Something That's Good For Everything

Mindfulness is evidently good for almost everything. It seems to improve our health, relationships, happiness, ability to think clearly, and dozens of other things that matter in our lives. How is this possible?

The scientific literature on mindfulness is growing exponentially, with a new peer-reviewed article now published nearly every day. Mindfulness is evidently good for almost everything. It seems to improve our health, relationships, happiness, ability to think clearly, and dozens of other things that matter in our lives. How is this possible?

The far reaching relevance of mindfulness hinges on its ability to influence our attention. In any moment, there are countless things occurring in our environment, body, and mind. Attention acts as a filter so that we become consciously aware of only a tiny fraction of the things we could experience. When attention operates effectively, we become aware of the things that deserve further consideration while everything else slips past unnoticed.

This filtering of experience is true not only of what we see and hear, but also of what we think. We have vast storehouses of memories, all immediately available to fill the limited space of our conscious minds. Many things we could think about rarely if ever enter our minds. And of the nearly constant stream of thoughts that do arise, we elaborate and entertain only a small proportion.

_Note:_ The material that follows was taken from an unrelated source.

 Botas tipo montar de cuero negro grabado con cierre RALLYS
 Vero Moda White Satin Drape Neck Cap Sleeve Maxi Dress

Attention is a natural ability that allows each of us to navigate our environments and our lives. Attention accomplishes small wonders each time you drive or hold a conversation. Yet almost no one uses attention optimally. Can you focus on what you like, when you like, for however long you like? How might your life be different if you could more skillfully guide your moment-to-moment experience? Mindfulness uses attention to influence what we experience and how we relate to those experiences, so it has the potential to impact almost everything in our lives.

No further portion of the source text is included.